Seit einiger Zeit steigt in Wennigsen jeden morgen ein junger Typ ein. Schweigsam wie die meisten morgens.
Er stellt sich dann in eine Ecke, macht seine Jacke auf und stellt seine Tasche ab. Ein komischer Kauz, denke ich manchmal. Diese Kombinationen, die er manchmal an hat... Eine graue Jeans, dazu ein hellblauer Kapuzenpullover und eine grünbraune Jacke, oftmals noch irgendein Cap dazu. Das sieht dann irgendwie aus, als wäre er einer dieser Typen, die sich hinter grau und schwarz verstecken um die Welt von sich fernzuhalten. Irgendwie depressiv.

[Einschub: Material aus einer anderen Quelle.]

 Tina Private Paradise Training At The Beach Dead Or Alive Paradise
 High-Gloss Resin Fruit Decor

An anderen Tagen sieht er fast gut aus. Eine helle, modische Jeans, dazu ein leinen-gelber Stoffpulli mit Reißverschluss bis zur Brust, leicht aufgestellter Kragen. Da wirkt die erwähnte Jacke beinahe modisch. Unter dem Reißverschluss erkennt man dann auch manchmal ein rotes oder blaues Shirt, was irgendwie einen frischen Hauch in diese Optik bringt.
Ganz selten hat er mal eine Baggi an, Southpole, ziemlich ausgelatscht und Schätzungsweise über fünf Jahre alt. Im Sommer manchmal mit rotem Nike-Muscle-Shirt, im Winter eher mit einem doch irgendwie passenden Pulli. Aber auch das steht ihm irgendwie, obwohl er dann nicht wie diese 08/15-Baggi-Träger wirkt.

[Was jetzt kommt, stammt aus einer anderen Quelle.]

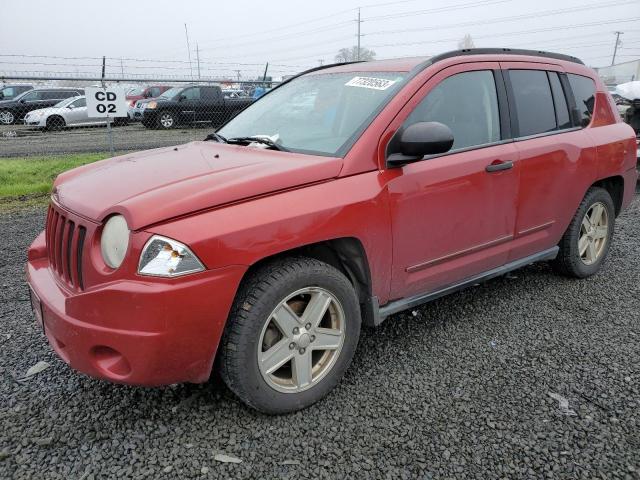 1J8FT47W67D244699 - 2007 JEEP COMPASS RED photo 1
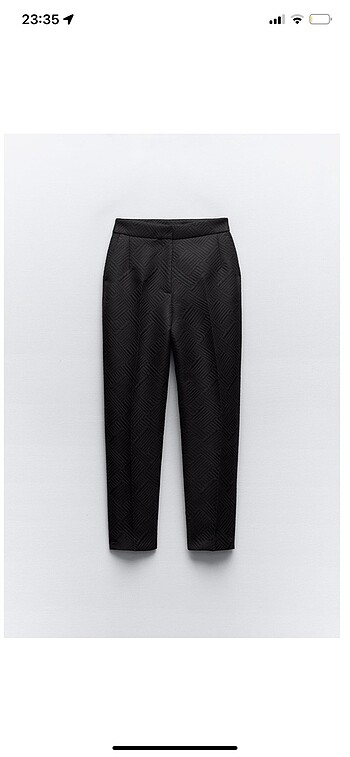 Zara Zara jakarlı slim fit pantolon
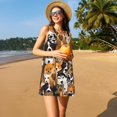 thumbnail image 3 of Lukts Chiens Différentes Races pour Robe Sans Manches pour Femmes, Robe d'Été à Col Rond avec Poches, Adaptée à la Vie Quotidienne, Plage, Fête, 3 of 7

Die Tasche die er trägt ist allerdings immer die gleiche. Ich frag mich manchmal wieso er glaubt diese Kunstledertasche zum Umhängen würde dazu passen. Vielleicht glaubt er das gibt ihm so den Look eines Studenten und macht ihn optisch intelligenter.
Meistens hört er Musik, senkt den Kopf und klappert die ganze Zeit mit den Füßen und beiden Händen, so als würde er ununterbrochen Schlagzeug spielen. Entweder geht das niemandem außer mir auf die Nerven, oder die Leute sind froh, dass er nicht zu der Handy-Lautsprecher benutzenden Fraktion gehört.
Nach kurzer Zeit lässt er sich dann meist in die Hocke sinken und vertieft sich in die Musik. Manchmal liest er auch, aber scheint keinen einheitlichen Geschmack zu haben. Letzten Sommer hat er zum Beispiel etwas von Dieter Nuhr gelesen. Jetzt liest er Hohlbein. Ich bitte euch, Hohlbein? Hat er Angst vor "wirklichen" Mittelalter-Szenarien und der blutigen Grausamkeit dieser Zeit? Aber lesen tut er sehr selten, nur alle paar Monate mal ein Buch, wie es scheint.
Er hat auch nicht immer die Musik dabei. Dann steht oder hockt er einfach nur da. Im Gegensatz zu den anderen versucht er dann nicht zu schlafen oder kämpft damit wach zu bleiben, er... naja, er steht dann einfach da. Mit gesenktem Kopf. Wenn er mal aufsieht schweift sein Blick durch die Runde, versucht aber doch den Blicken der anderen auszuweichen.
Irgendwie wirkt er sehr oft einsam, obwohl das vom Aussehen her gar nicht zu ihm passt.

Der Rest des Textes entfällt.